CAPE CANAVERAL, Fla. -- NASA is talking with the two contractors who developed next-generation rockets about carrying the next-generation space shuttle.
The space agency may announce whether it will launch astronauts aboard an expendable rocket-launched ship instead of a shuttle when its next budget is made public in early 2003, some space officials suggested Tuesday at the annual Cape Canaveral Spaceport Symposium being held this week at the Cape.
"We are working closely with NASA, now, today, on the possibility of putting a winged vehicle on top of a Delta 4, our heavy version," said Will Trafton, vice president and general manager of Boeing Expendable Launch Systems.
Boeing and Lockheed Martin developed new rockets in cooperation with the Air Force as part of the Evolved Expendable Launch Vehicle program, which is designed to save taxpayers money by letting commercial forces motivate the contractors to be more efficient. The first Atlas 5 launched successfully. The new Delta 4 is scheduled to launch Nov. 16.
Lockheed Martin also is talking with NASA about putting a ship on a rocket. "We have been working with NASA to try to work the different avenues," said Adrian Laffitte, director of Atlas launch operations. "We are doing a study."

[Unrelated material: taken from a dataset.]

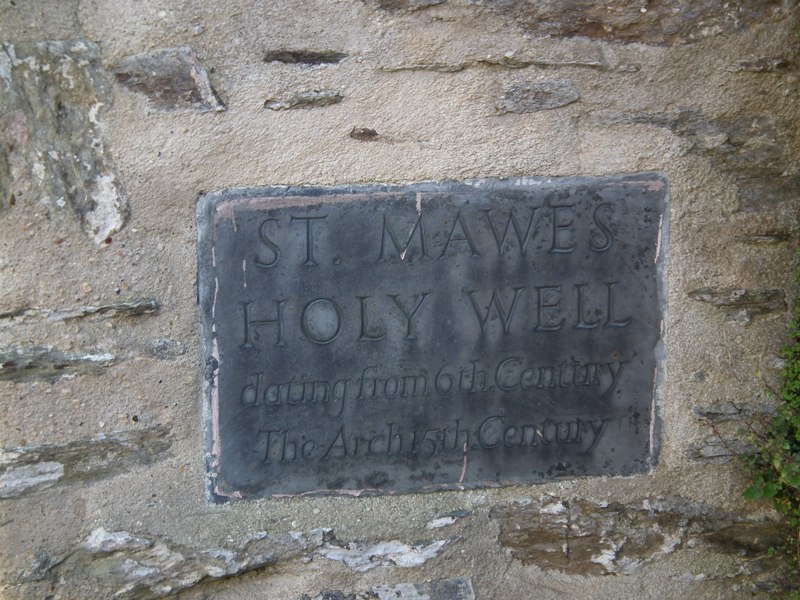 The plaque on the adjacent wall telling the age of the well and arch.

The study is part of NASA's Space Launch Initiative (SLI), which recently has refocused on its initial goals, SLI deputy program manager Dan Dumbacher said. The program is aimed at conceiving every aspect of a next-generation launch system, not just a new ship, he said. Besides a new ship design, the SLI program, which is based at Alabama's Marshall Space Flight Center, is considering ground and payload support for the new ship; systems for reviewing the ship and approving it for flight; and software requirements.

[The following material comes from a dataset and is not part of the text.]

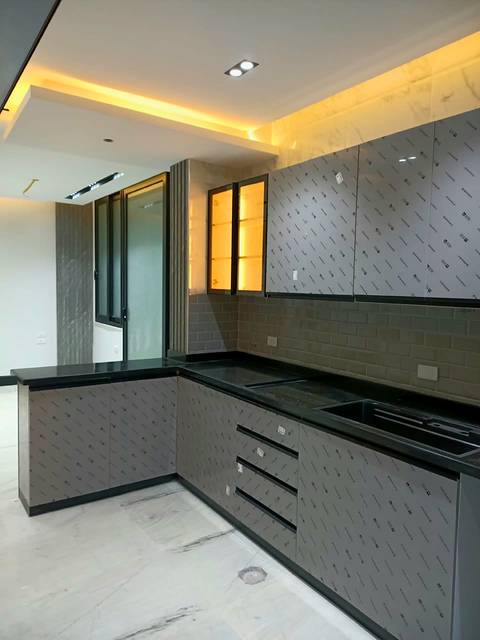 L-shaped kitchen with a black worktop and handle-free drawers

"We found ourselves involved in more of the details on designing the rocket than what we needed to be doing at this point in time," Dumbacher said, so instead of concentrating on which ship to build, "we've put that decision off for a while."

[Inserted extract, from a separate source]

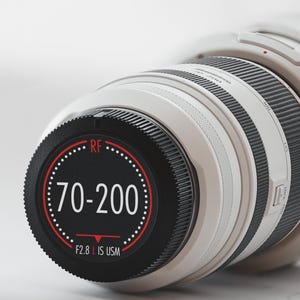 May include: A white and black camera lens with the text "70-200" and "F2.8 IS USM" on the front. The lens has a series of rings and a smooth, cylindrical body. The lens is designed for professional photography.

"The GAO report is out and other things saying we need to spend more time on requirements," he added, "so that's what we're trying to do."
NASA's administration, under Sean O'Keefe, is considering information submitted by SLI officials and will decide which direction NASA will go, Dumbacher said. In a recent letter to a Texas lawmaker, O'Keefe said SLI studied a rocket-carried ship that could take crews to and from the International Space Station.
If a new ship piggybacks on a rocket, it might fly at the same time shuttles are flying and serve a different function, Boeing and Lockheed Martin officials suggested.
Such a ship could be used to supply the space station or act as an emergency escape vehicle, replacing the Russian Soyuz ships used as escape capsules, Laffitte said. Soyuz production is guaranteed only through 2006, and Russian officials have threatened to stop production early due to lack of funds.
"I think those will be the two areas that we will get started," Laffitte said, before attempting to make the ship a replacement for the shuttle.
Still, he admitted, "man-rating" a rocket so it's considered safe enough for people could be a difficult job.
The rocket concept is just one option under study, Kennedy Space Center Director Roy Bridges said.
"That's the way we got started, so obviously we were able to do that in the earlier days, and of course we have more capable vehicles now," Bridges said.
Boeing's Trafton acknowledged the buzz about the rocket option. "There is increased interest in using expendable launch vehicles to launch a winged vehicle of some kind to space and to space station," Trafton said.
The SLI approach to designing a new ship is different from anything NASA has attempted, Dumbacher said. "In addition to the performance, I have to address cost and reliability/safety, and that's something that hasn't been done before in the rocket business."
No matter what type of ship NASA's leaders decide to pursue, Dumbacher said, his program will design a completely new system around it.
"The SLI program is dedicated to coming up with technologies and enabling NASA to make a decision to achieve even greater levels of safety and reliability in the future," said Jeremiah Creedon, NASA's associate administrator for aerospace technology.